Родители

Евгений Ширяев
Автор – Багров Леонид Васильевич. Глава книги «Река – моё призвание».
Мой отец, Багров Василий Петрович (31.07.1905–1.08.1960), был классным плотником. В составе бригады судостроителей он строил весельные лодки, речные паромы для переправ и небольшие баржи.

Мать, Багрова Анастасия Семеновна, урожденная Тимина (11.11.1907– 13.03.1973), была малограмотной сельской труженицей. Отучилась в начальной школе всего один класс, однако среди женщин нашего села считалась грамотной и толковой, что и послужило основанием в годы Великой Отечественной войны для назначения ее ответственной за организацию сбора молочного  налога с каждого двора, имевшего дойную корову. В соответствии с сельхозналогом все сельские жители обязаны были сдавать государству с каждой коровы по 45 литров молока в месяц средней жирности в три с половиной процента. Как правило, женщины-домохозяйки каждое раннее утро, прежде чем отдать корову пастуху на выгон, часть утреннего удоя приносили в приемный пункт для расчета с государством, а мать проверяла соответствующим прибором жирность молока. Если жирность была выше стандарта, например 4 процента, объем сдачи уменьшался до 41–42 литров, и наоборот — при жирности 3 процента надо было увеличивать сдачу с 45 до 48 литров и т.д. Затем мама заносила данные по объему молока и его жирности в журнал приемки для отчета.

К 9 часам утра прием молока завершался. В мои обязанности входило подготовить и подать к месту погрузки на берегу Волги весельную лодку для перевозки десяти–двенадцати алюминиевых фляг по 37 литров каждая и доставить их в районный центр, город Козьмодемьянск, на молокозавод, который выделял конную повозку для доставки молочных фляг с берега на завод. Через два-три часа принятое по документам молоко пропускалось через сепаратор, обезжиривалось, и мы получали свои фляги с так называемым обратом (что-то вроде сыворотки), который возвращали на колхозную ферму для подкормки молодых телят. Загрузив фляги обратно в лодку, мы, как правило, на веслах или с помощью бечевой возвращались домой в Покровское. Эти ежедневные «прогулки» по 8 километров туда и обратно запомнились на всю жизнь. Ни снег, ни дождь или туман не могли отменить их: сдача молока по сельхозналогу в военное время была обязательна, что бы ни происходило.

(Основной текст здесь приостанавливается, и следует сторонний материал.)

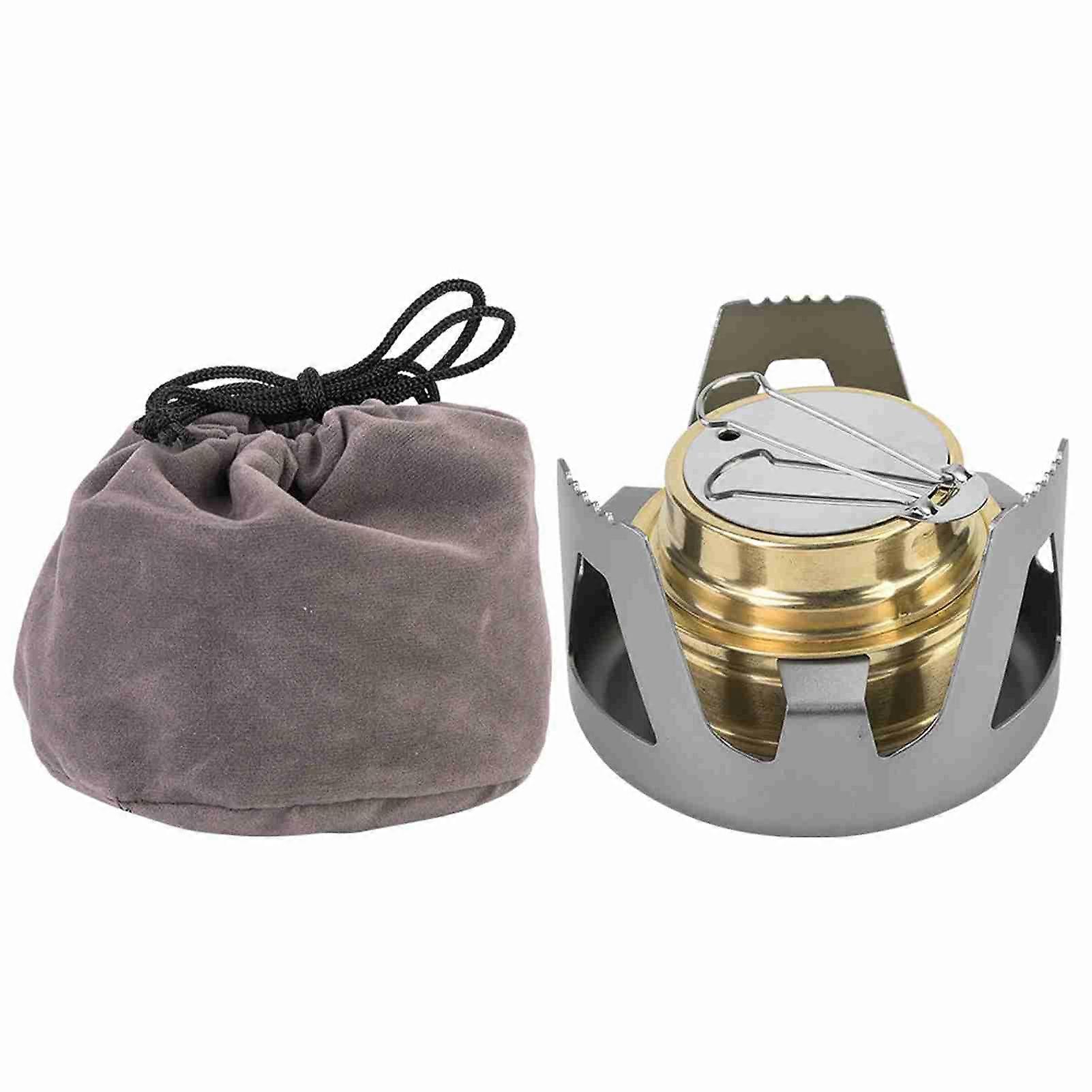 Mini Portable Ultralight Alcohol Stove for BBQ and Camping (Grey)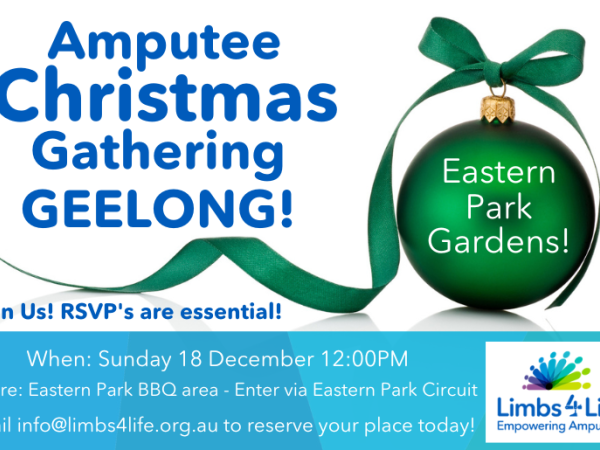 Amputee Christmas Gathering Geelong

Однажды мать, жалеючи меня, договорилась за небольшую плату с капитаном буксирного судна, идущего в реку Ветлугу за очередным плотом, подбуксировать нашу лодку до Покровского. Во время буксировки свободные от вахты молодой матрос и помощник механика парохода сошлись в злой драке, орудуя один наметкой, другой длинным багром. Чтобы не оказаться жертвой этих драчунов, мать велела мне встать на носовой обнос перед колесами парохода и, держась за леерное ограждение, переждать, пока драка закончится. На мою беду матрос, замахнувшись наметкой, не удержал ее и ударил по лееру. Удар пришелся как раз по моим пальцам, и я упал в воду перед самыми плицами парохода, который шел полным ходом. Мать, увидев это, закричала по-дикому, полагая, что я погибну под колесами. Но, видимо, я в рубашке родился: голова моя прошла между плицами, и, выскочив из-под колеса живой и невредимый, я схватился за «кочет» возникшей перед моими глазами лодки.
 
Драка, конечно, тут же прекратилась, и по указанию капитана меня быстро отвели в машинно-котельное отделение сушиться. Капитан, да и вся команда понимали, что им не поздоровилось бы, случись непоправимое.

Дома мать ощупала меня всего, проверяя, нет ли какой трав- мы, и, убедившись, что я не пострадал, успокоилась, крестясь и благодаря бога за спасение своего чада. Хорошо помню, как я с горечью поведал матери, что купленные на местном базаре кожаные башмаки ушли на дно во время этого незапланированного купания.